[Data section Boundary: Start]

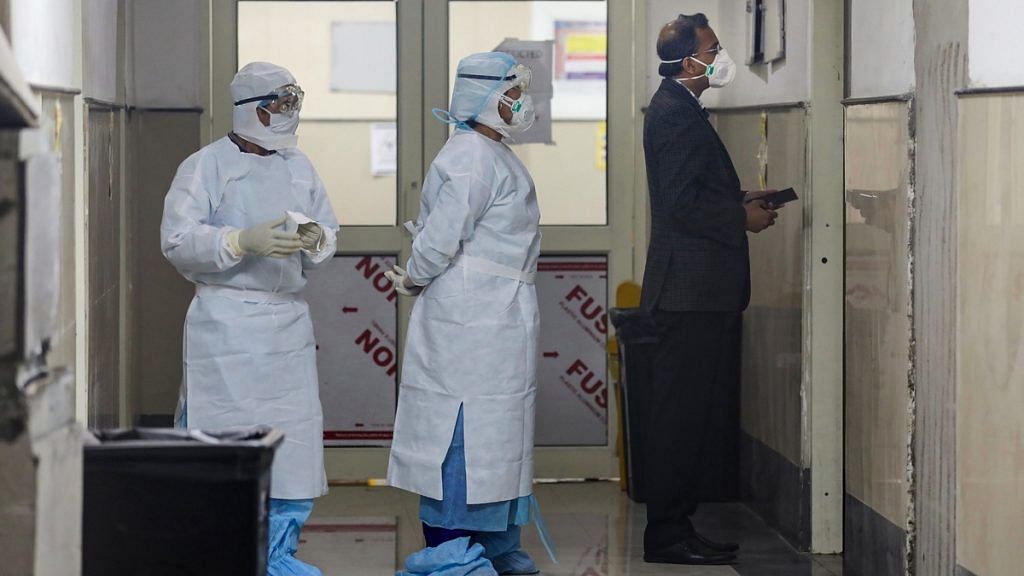 Medics wearing protective masks inside the novel coronavirus isolation ward of Government Medical College Hospital in Jammu | PTI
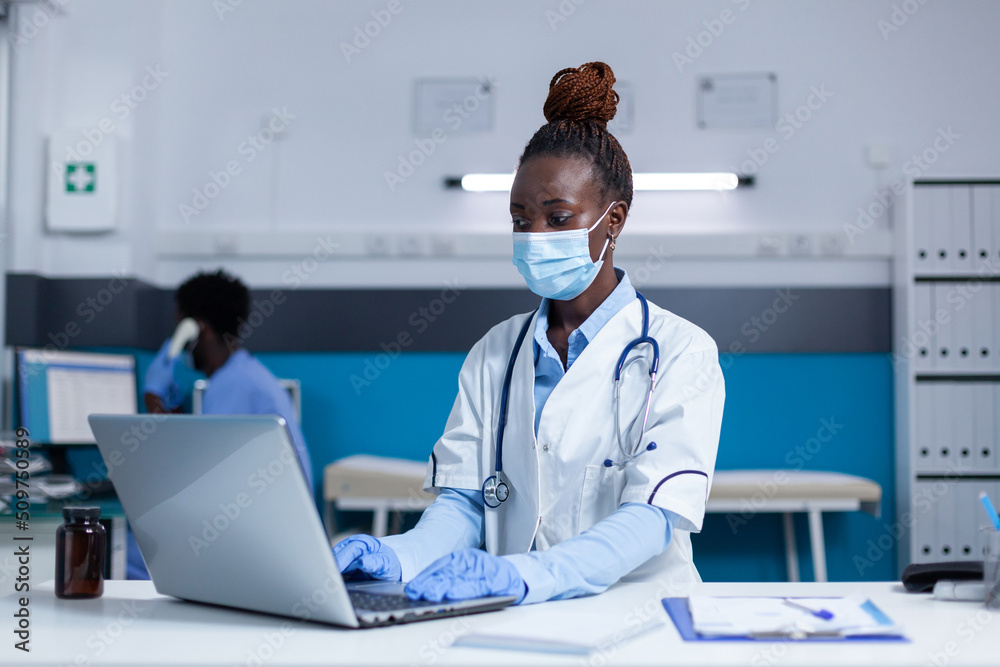 Polyclinic general practitioner expert using laptop to check patient record files. Polyclinic specialist prescribing medication while wearing virus protection facemask because of covid pandemic. Polyclinic general practitioner expert using laptop to check patient record files. Polyclinic specialist prescribing medication while wearing virus protection facemask because of covid pandemic.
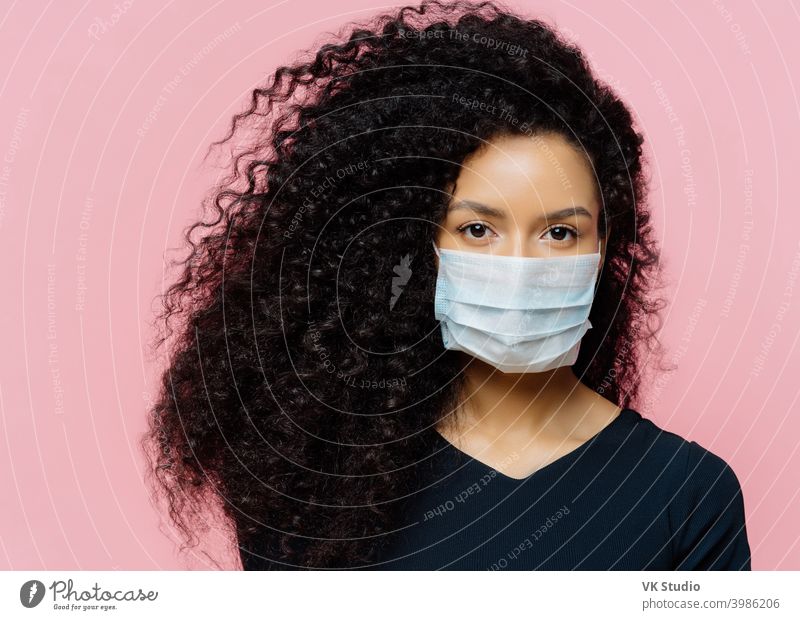 Serious dark skinned young woman being on self isolation at home, wears protective medical mask, being on quarantine at home, dressed casually, poses against pink background. Coronavirus disease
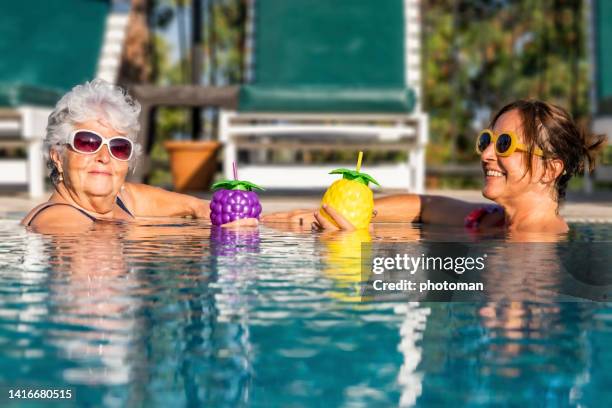 dos mujeres felices en la piscina sonriendo y disfrutando de cócteles - mothers day beach fotografías e imágenes de stock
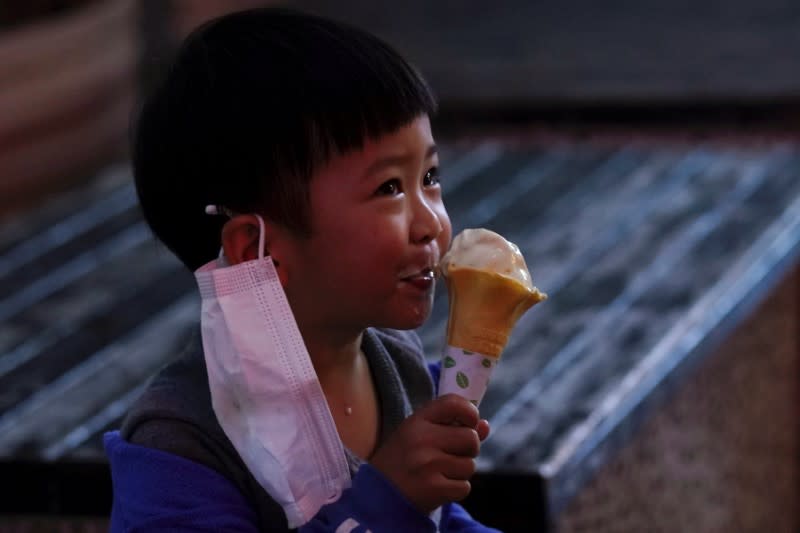 Child with a face mask eats an ice cream outside the ice cream store on its first day of opening following the coronavirus disease (COVID-19) outbreak, in Xianning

[Data section Boundary: End]

▸ **Directions for this task**
The entries should be printed again exactly as written, leaving all pictures out.

▸ **Exercise response**
 Medics wearing protective masks inside the novel coronavirus isolation ward of Government Medical College Hospital in Jammu | PTI
 Polyclinic general practitioner expert using laptop to check patient record files. Polyclinic specialist prescribing medication while wearing virus protection facemask because of covid pandemic. Polyclinic general practitioner expert using laptop to check patient record files. Polyclinic specialist prescribing medication while wearing virus protection facemask because of covid pandemic.
 Serious dark skinned young woman being on self isolation at home, wears protective medical mask, being on quarantine at home, dressed casually, poses against pink background. Coronavirus disease
 dos mujeres felices en la piscina sonriendo y disfrutando de cócteles - mothers day beach fotografías e imágenes de stock
 Child with a face mask eats an ice cream outside the ice cream store on its first day of opening following the coronavirus disease (COVID-19) outbreak, in Xianning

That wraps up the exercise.